Словом, рассыпалась армия колчаковская с очевидностью, совершенно несомненной. Этому процессу красные войска помогали усиленно. В тыл белым возами развозили агитационную литературу и через жителей, и с аэропланов, и со своими ходоками рассыпали миллионы воззваний, обращений, всяческих призывов. Красные агитаторы проникали в самую глубь неприятельского расположения, в самую гущу белого солдатства и там безбоязненно, совершенно недвусмысленно проводили свою героическую работу.
И все же, несмотря ни на что, бои порою бывали настолько серьезны и ожесточенны, что разбивали всякие предположения и всякую уверенность в начавшемся разложении белой армии. В этих серьезных схватках участвовали наиболее стойкие белые полки; их было, по сравнению с общей массой, немного, но дрались они великолепно, и техника у них была тоже великолепная. Перед самой Чишмой бой настолько был серьезен, что в иных ротах осталось по красным полкам всего тридцать — сорок человек. Отчаянно, вдохновенно, жутко дрались! На броневые поезда кидались с ручными бомбами, устлали трупами весь путь, бежали за чудовищем, кричали «ура», бросались, как мячиками, страшными белыми бутылками. А когда появлялись броневики, цепи ложились ничком, бойцы не подымали головы от земли: броневик «лежачего не бьет», — тем и спасались… Просекал он цепи, гулял в тылу, палил, но безрезультатно, а когда удирал — и за ним тоже, как за поездом броневым, бежали и в него бросали белыми бутылками.
Героизм соприкасался с безумием: от пулеметного огня броневиков и броневых поездов немало полегло под Чишмой красных бойцов.
И здесь через двадцать минут, как закончили бой, когда еще в поле стоял пороховой дым и повисли в воздухе беспрерывные стоны перевозимых врагов и товарищей, — Чишма зажила обычной в этих случаях жизнью. Из подвалов и погребов, из овинов и чуланов, из печей и из-под шестков, из подполья и с чердаков — выползали отовсюду перепуганные пальбой крестьяне и засуетились около затомленных красноармейцев. Застучали бабы ведрами, зашумели самоварами, зазвенели чашки и ложки, горшки и плошки. По избам шум пошел, рассказы-разговоры. Вспоминали, кому как жилось, кому что видеть, слышать, вынести довелось за это время, чего ожидали, чего дождались… Когда перекусили и чаю напились, местами наладили в чехарду, и можно было подумать, что собрались тут ребята не после боя, а на гулянку из дальних и из ближних деревень в какой-нибудь торжественный престольный праздник…
Вечером в полку Стеньки Разина собрался хор.

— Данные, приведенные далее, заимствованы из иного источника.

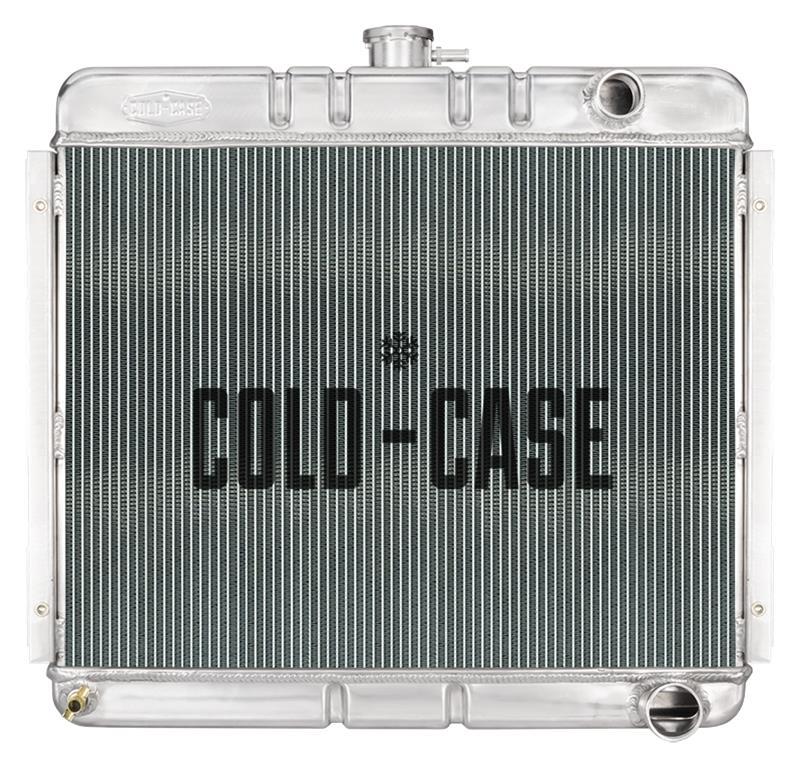 COLD-CASE Radiators 70-72 Mopar w/Hemi Swap Radiator MOP755-5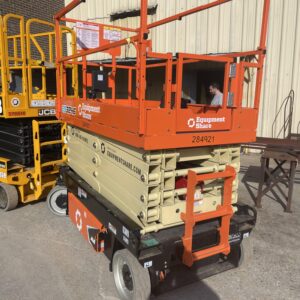 2022 JLG ES3246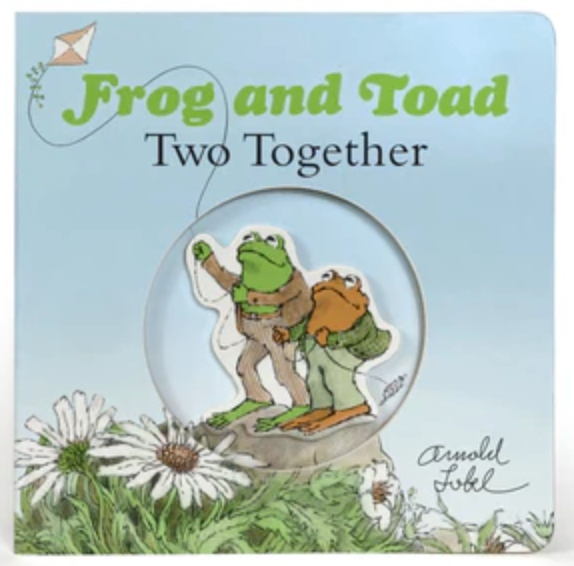 Frog and Toad: Two Together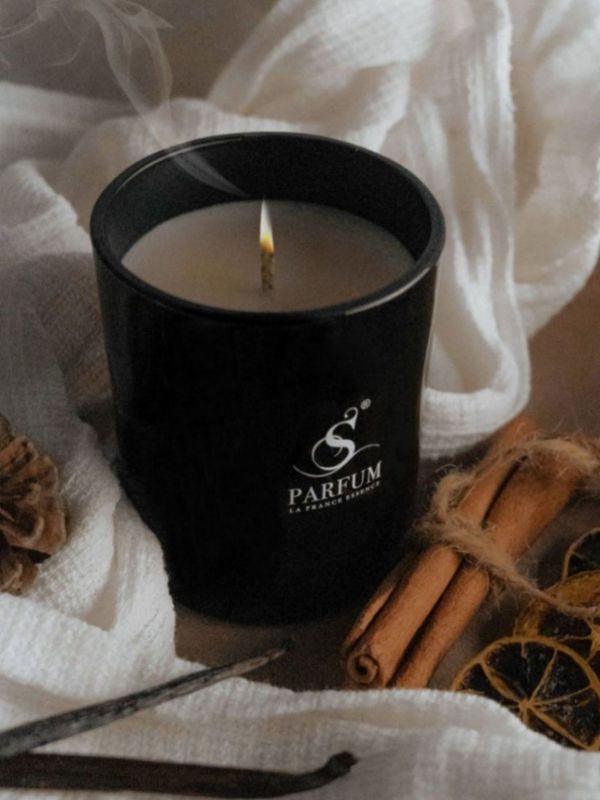 Свеча парфюмированная S Parfum 🆕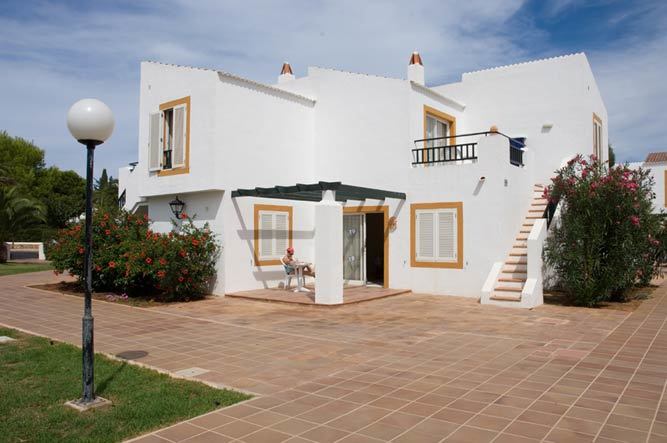 Aluasun Park Cala'N Bosch (Menorca)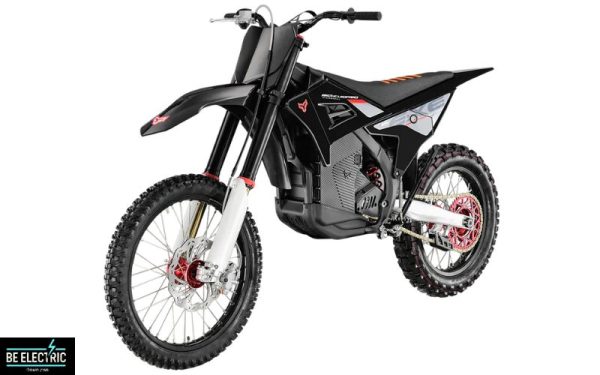 אופנוע שטח חשמלי ארקטיק EXE 880 – Arctic Leopard (8)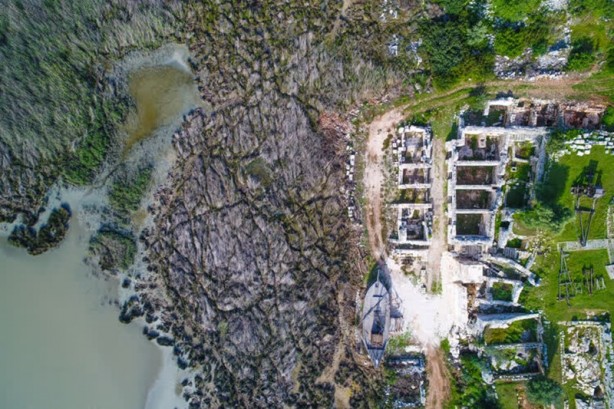 Foto - Tarih ve doğayla iç içe yolculuğun adresi: Likya Yolu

Певцов было человек двадцать пять, у многих и голоса были отличные, да вот беда — все бои, походы, спеваться-то некогда! А охота попеть была настолько сильной, что на каждой остановке, где хоть чуточку можно дохнуть, певцы собирались в груду, сами по себе, без зова, вокруг любимого и почтенного своего дирижера… И начиналось пение. Подступали, окружали любителей и охотники, а потом набиралась едва ли не половина полка. Тут уж кучкой было петь невозможно — затягивали такую, что знали все, и полк сливался в дружной песне… Пели песни разные, но любимыми были про Стеньку Разина и Ермака Тимофеевича. Были и веселые, плясовые. Какой-нибудь замысловатый фальцетик, подмигивая хитро и сощурившись лукаво, заводил на высочайшей ноте:
Хор подхватывал волнами зычных голосов:
В такт хлопали ладошами, отбивали каблуками, но это еще «бег на месте». Второй куплет не выдерживали, и как только подхватят:
откуда ни возьмись, на середину выскакивают разом два-три плясуна, и пошла рвать… Пляшут до семи потов, до одурения, почти до обморока… Одни за другими, одни за другими…
Песен мало — явится гармошка… Пляс и гармошка зачастую вытесняют хор, но больше потому, что уж напелись, перехрипли петухами…
Особо хлестко плясала полковая «интеллигенция» — фуражиры, каптеры, канцеляристы… Но не уступали им и батальонные и ротные командиры — тоже плясали лихо!
Часто перемежались. Поют-поют, не станет мочи — плясать начнут. Перепляшутся до чертиков, вздохнут да опять за песни, — и так насколько хватит глотки и ног.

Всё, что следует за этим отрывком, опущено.